== Problem requirements ==
Can you quote the lines below exactly, starting at the line with "4 otaqlı mənzil, 144" and going through the last one?

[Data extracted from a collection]
# # #
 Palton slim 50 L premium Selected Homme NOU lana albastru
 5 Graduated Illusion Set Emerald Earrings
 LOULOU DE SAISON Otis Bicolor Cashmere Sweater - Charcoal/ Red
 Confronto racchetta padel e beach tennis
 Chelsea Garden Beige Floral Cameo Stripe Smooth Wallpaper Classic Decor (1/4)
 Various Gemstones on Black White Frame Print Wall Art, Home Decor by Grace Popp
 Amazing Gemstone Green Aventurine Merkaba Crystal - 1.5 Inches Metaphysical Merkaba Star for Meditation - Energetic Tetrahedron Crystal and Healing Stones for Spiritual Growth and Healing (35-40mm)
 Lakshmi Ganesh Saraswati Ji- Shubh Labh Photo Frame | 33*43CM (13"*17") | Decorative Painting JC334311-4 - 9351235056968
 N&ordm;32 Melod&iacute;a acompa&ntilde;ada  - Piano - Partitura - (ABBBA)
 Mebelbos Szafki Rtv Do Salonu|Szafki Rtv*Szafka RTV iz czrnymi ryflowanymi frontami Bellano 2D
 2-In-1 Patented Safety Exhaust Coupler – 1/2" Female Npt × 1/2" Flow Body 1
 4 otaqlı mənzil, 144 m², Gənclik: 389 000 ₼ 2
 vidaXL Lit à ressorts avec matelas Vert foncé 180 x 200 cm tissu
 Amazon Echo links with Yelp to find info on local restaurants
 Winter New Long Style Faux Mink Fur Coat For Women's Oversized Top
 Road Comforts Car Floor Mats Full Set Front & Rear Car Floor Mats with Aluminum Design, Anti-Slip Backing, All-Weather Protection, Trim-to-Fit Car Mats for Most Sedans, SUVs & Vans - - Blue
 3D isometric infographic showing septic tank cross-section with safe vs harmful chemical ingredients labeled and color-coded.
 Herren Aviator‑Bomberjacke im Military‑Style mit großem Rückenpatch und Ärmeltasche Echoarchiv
# # #
== Task result ==
 4 otaqlı mənzil, 144 m², Gənclik: 389 000 ₼ 2
 vidaXL Lit à ressorts avec matelas Vert foncé 180 x 200 cm tissu
 Amazon Echo links with Yelp to find info on local restaurants
 Winter New Long Style Faux Mink Fur Coat For Women's Oversized Top
 Road Comforts Car Floor Mats Full Set Front & Rear Car Floor Mats with Aluminum Design, Anti-Slip Backing, All-Weather Protection, Trim-to-Fit Car Mats for Most Sedans, SUVs & Vans - - Blue
 3D isometric infographic showing septic tank cross-section with safe vs harmful chemical ingredients labeled and color-coded.
 Herren Aviator‑Bomberjacke im Military‑Style mit großem Rückenpatch und Ärmeltasche Echoarchiv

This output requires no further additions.